The government of India has proposed a new bill based on the privacy and security of over-the-top media service users. According to the new draft telecommunications bill uploaded late on Wednesday (September 21), the government now intends to intercept the encrypted messages and calls on WhatsApp, Signal, and other similar applications.
The users of such applications often check for the end-to-end encryption feature while installing an application, as it ensures that the messages in the conversation can't be accessed by anyone other than the sender and receiver. According to WhatsApp, it only has access to a few messages if someone reports the same or nobody can see or read them.
Proposed Bill Sidesteps User Privacy?
A new draft telecommunications bill uploaded on Wednesday wants the ability to circumvent this encryption. In the bill, telecommunication services are defined as anything to do with broadcasting, voice mail, email, videotex and audiotex services, and internet services. It also includes internet-based communication services, including over-the-top (OTT) communication services like Signal, WhatsApp, and Telegram.
The government has opened the platform for discussion on the new draft telecommunications bill, and feedback is invited from the people. Notably, if the bill is implemented as a law, the government would also have access to every video and voice calls made over WhatsApp and other similar apps.

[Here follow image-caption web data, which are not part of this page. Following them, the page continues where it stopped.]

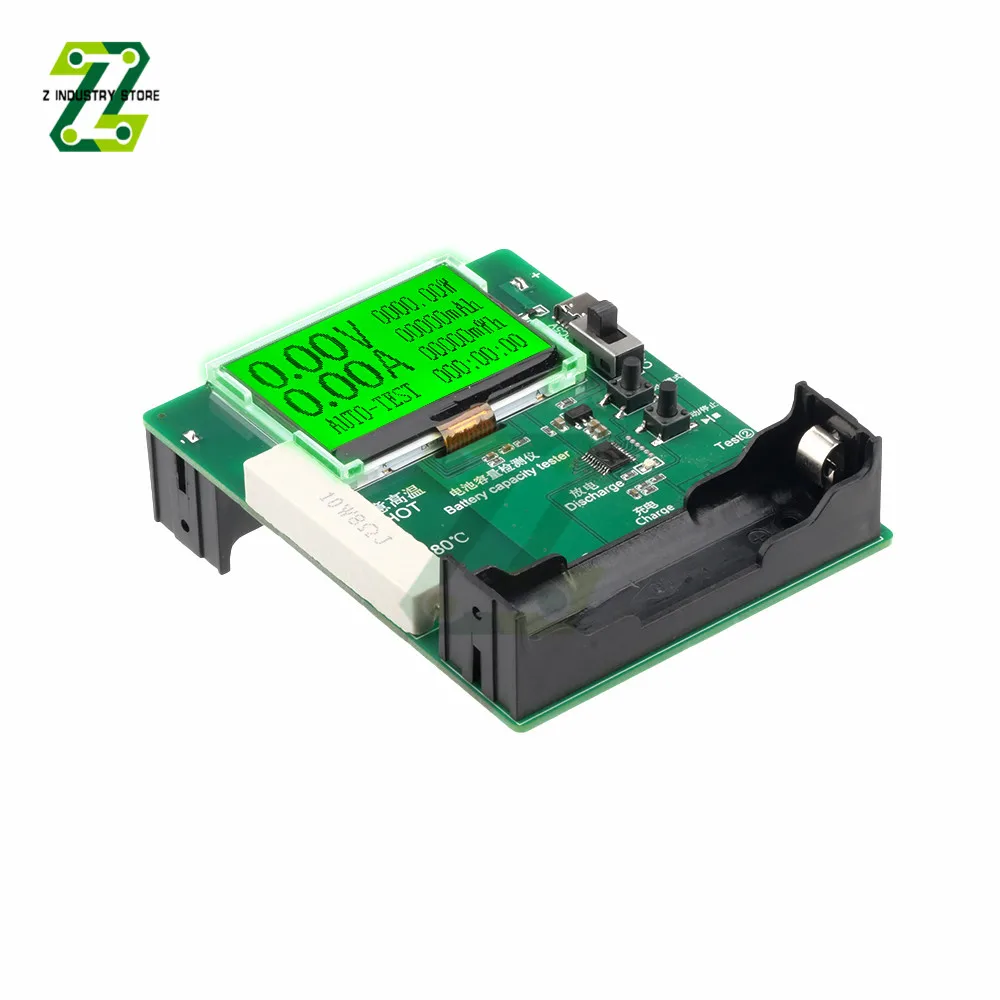 MAh MWh Battery Capacity Tester LCD Display 18650 Lithium Battery Digital Measurement Lithium Battery Power Detector Module
MAh MWh Battery Capacity Tester LCD Display 18650 Lithium Battery Digital Measurement Lithium Battery Power Detector Module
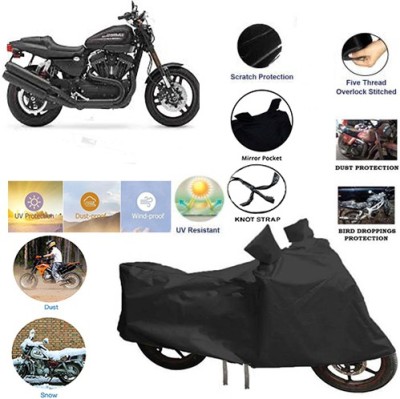 QualityBeast Two Wheeler Cover for Harley Davidson(Black)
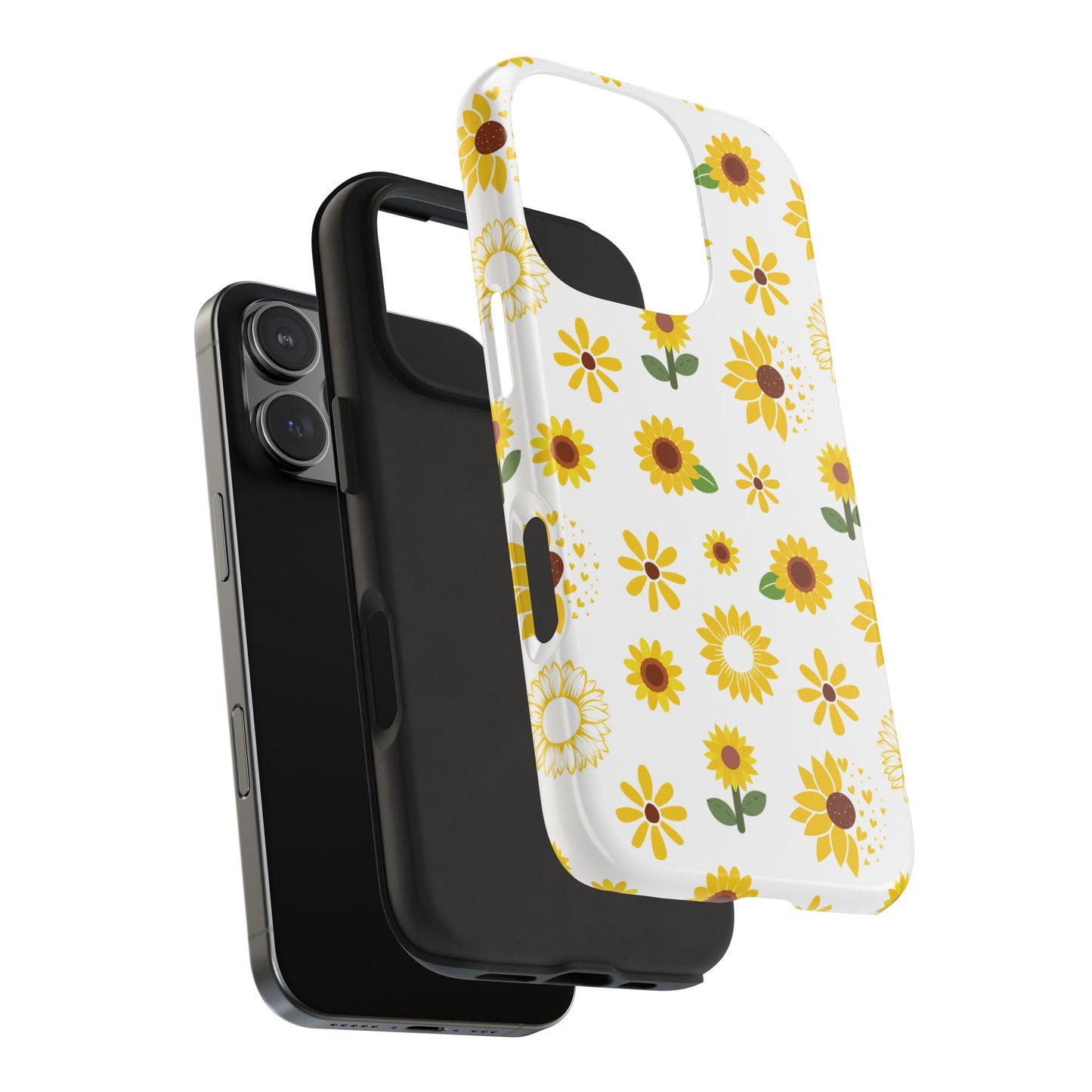 Sunflower Burst Tough Phone Case for iPhone and Samsung Galaxy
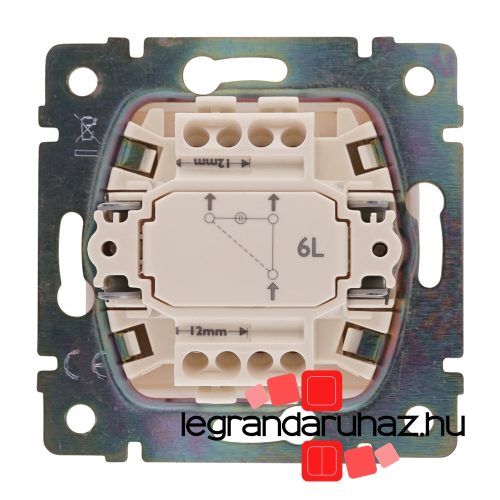 Legrand Valena váltókapcsoló jelzőfénnyel, elefántcsont, Legrand 774326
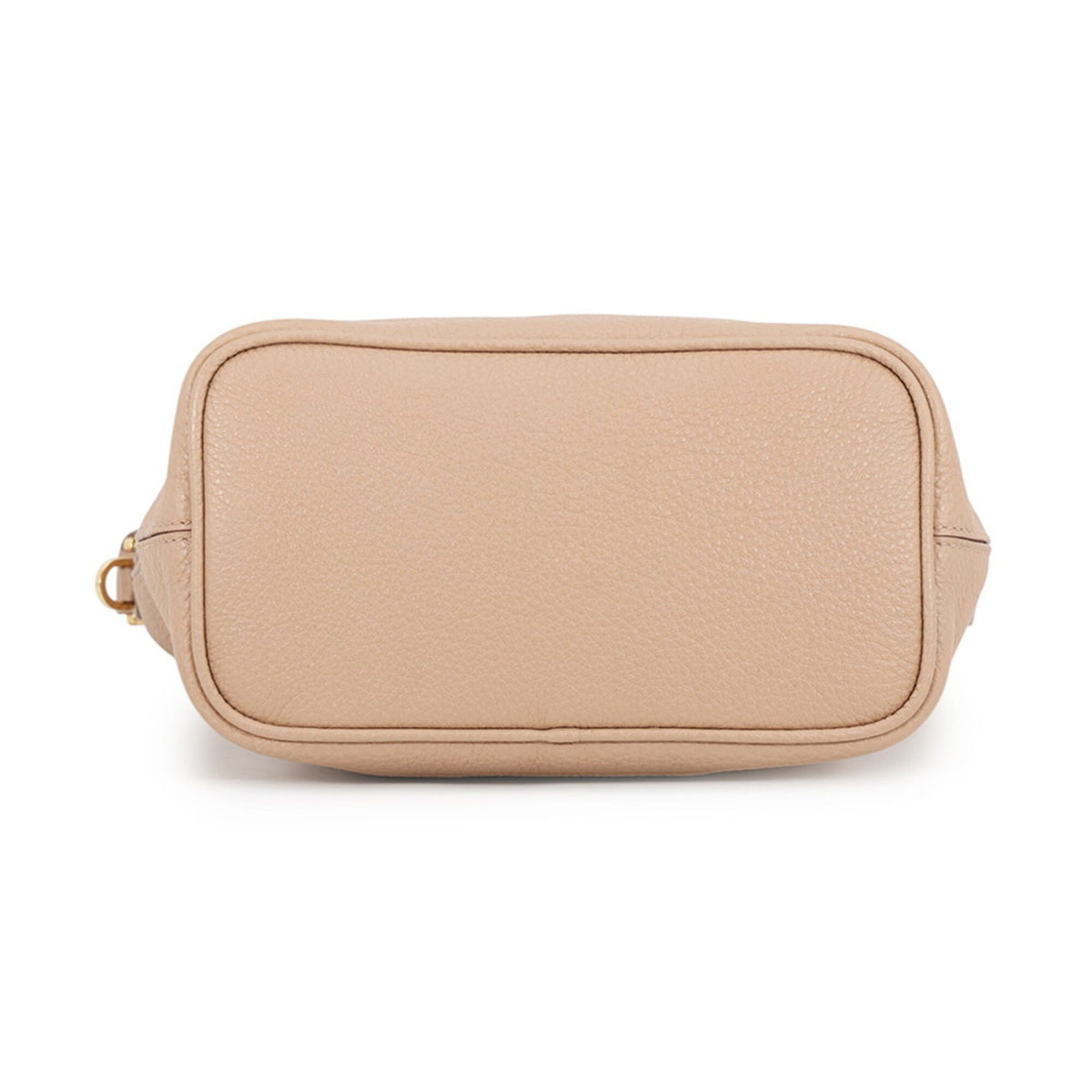 Prada Beige Leather Handbag Shoulder Bag (Pre-Owned)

The OTT communication service industry, which has consistently promised and prioritised users' safety and privacy, would be largely impacted. In the draft bill, the government has said, "the central or the state government may circumvent encryption in case of any public emergency or for the interest of people," meaning that the government will snoop on anyone's private conversation if the country's integrity and sovereignty are at peril, reported Hindustan Times.
If this bill becomes a law, it would be tricky for the government to ensure privacy and security for the users as it violates several privacy norms. The neighbour, China, already has a similar censorship law that helps the Chinese government access anyone's private conversation.